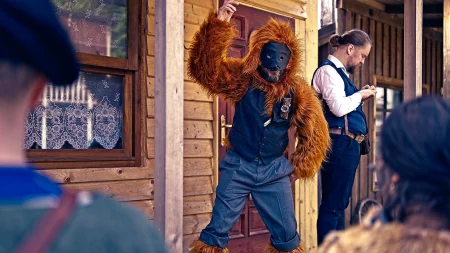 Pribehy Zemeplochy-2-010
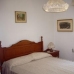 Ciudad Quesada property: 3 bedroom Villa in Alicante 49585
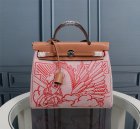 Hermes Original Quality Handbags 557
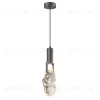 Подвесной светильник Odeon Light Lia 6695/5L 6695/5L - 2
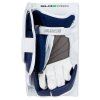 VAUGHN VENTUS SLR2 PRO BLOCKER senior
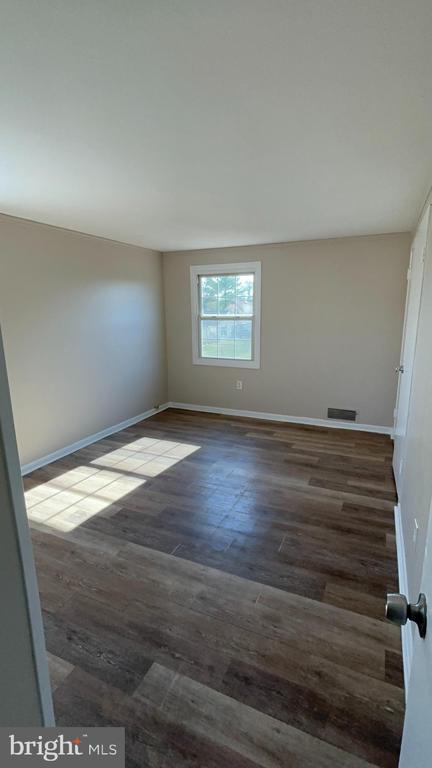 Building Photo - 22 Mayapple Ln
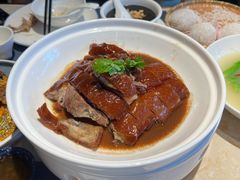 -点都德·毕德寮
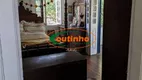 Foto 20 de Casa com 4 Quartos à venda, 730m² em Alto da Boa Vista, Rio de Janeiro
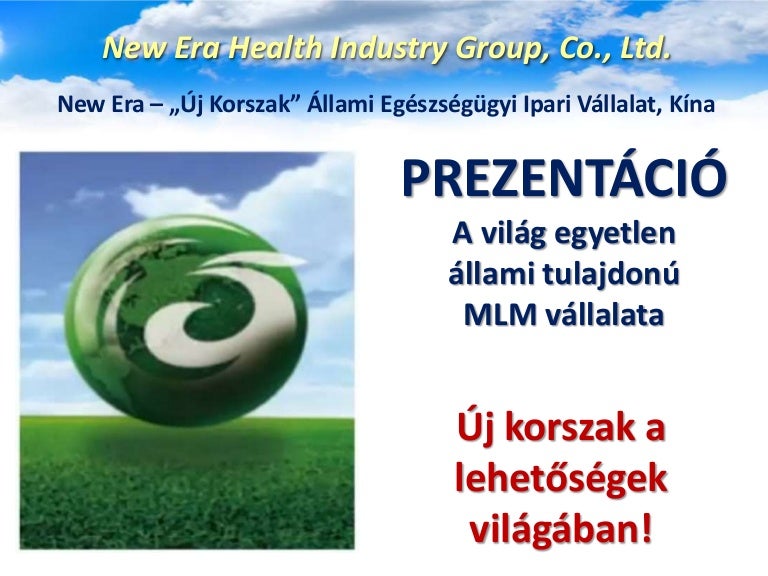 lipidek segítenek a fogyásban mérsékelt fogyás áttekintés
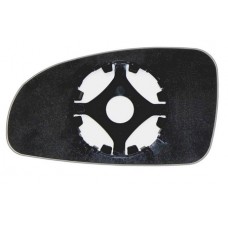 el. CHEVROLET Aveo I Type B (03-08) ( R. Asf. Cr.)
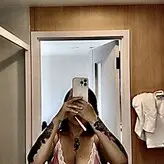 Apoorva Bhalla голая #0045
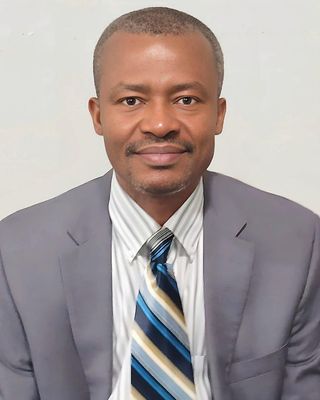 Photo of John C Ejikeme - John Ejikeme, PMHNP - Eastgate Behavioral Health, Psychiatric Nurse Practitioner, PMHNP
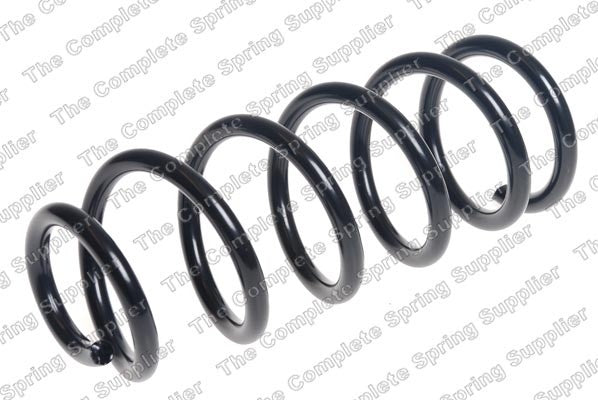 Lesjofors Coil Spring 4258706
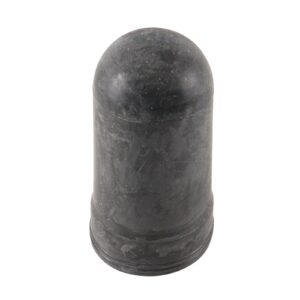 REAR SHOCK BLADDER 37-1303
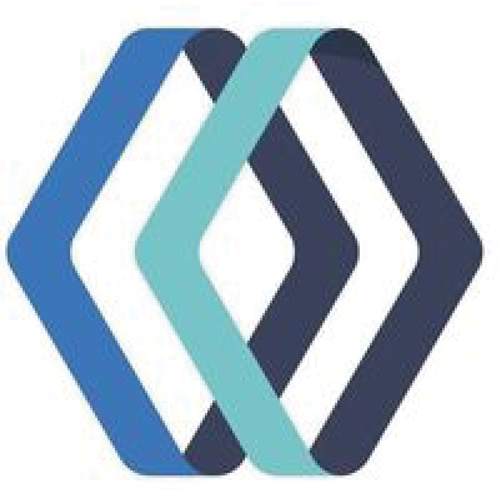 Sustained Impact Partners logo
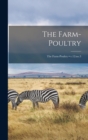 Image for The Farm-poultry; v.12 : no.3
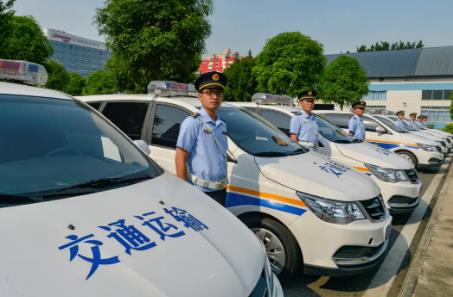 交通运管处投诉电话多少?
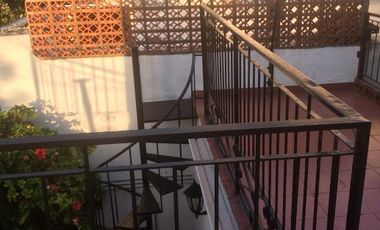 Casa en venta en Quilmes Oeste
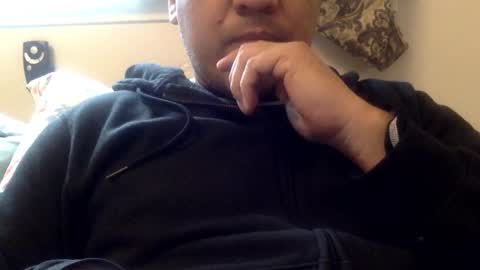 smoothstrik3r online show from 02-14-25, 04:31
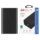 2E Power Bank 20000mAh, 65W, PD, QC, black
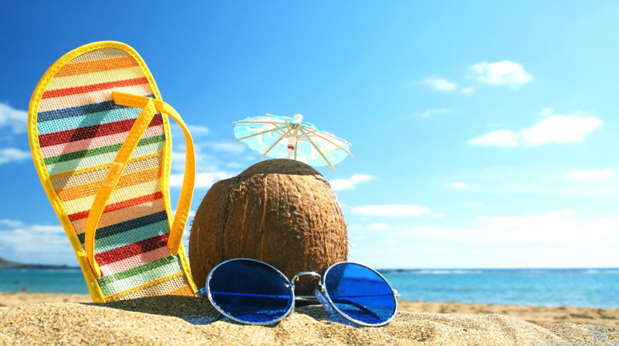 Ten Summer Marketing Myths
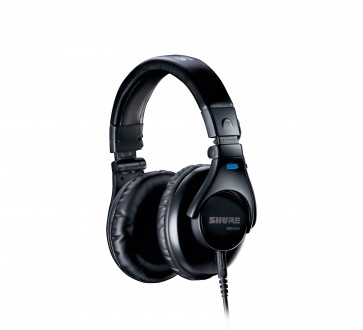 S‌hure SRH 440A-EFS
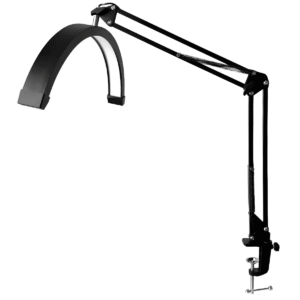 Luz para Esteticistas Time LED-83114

══════

- THE PROBLEM
Copy the records above precisely, and leave every image out of the copy.

- ANSWER FOR THIS EXERCISE
 Pribehy Zemeplochy-2-010
 Ciudad Quesada property: 3 bedroom Villa in Alicante 49585
 Hermes Original Quality Handbags 557
 Подвесной светильник Odeon Light Lia 6695/5L 6695/5L - 2
 VAUGHN VENTUS SLR2 PRO BLOCKER senior
 Building Photo - 22 Mayapple Ln
 -点都德·毕德寮
 Foto 20 de Casa com 4 Quartos à venda, 730m² em Alto da Boa Vista, Rio de Janeiro
 lipidek segítenek a fogyásban mérsékelt fogyás áttekintés
 el. CHEVROLET Aveo I Type B (03-08) ( R. Asf. Cr.)
 Apoorva Bhalla голая #0045
 Photo of John C Ejikeme - John Ejikeme, PMHNP - Eastgate Behavioral Health, Psychiatric Nurse Practitioner, PMHNP
 Lesjofors Coil Spring 4258706
 REAR SHOCK BLADDER 37-1303
 Sustained Impact Partners logo
 Image for The Farm-poultry; v.12 : no.3
 交通运管处投诉电话多少?
 Casa en venta en Quilmes Oeste
 smoothstrik3r online show from 02-14-25, 04:31
 2E Power Bank 20000mAh, 65W, PD, QC, black
 Ten Summer Marketing Myths
 S‌hure SRH 440A-EFS
 Luz para Esteticistas Time LED-83114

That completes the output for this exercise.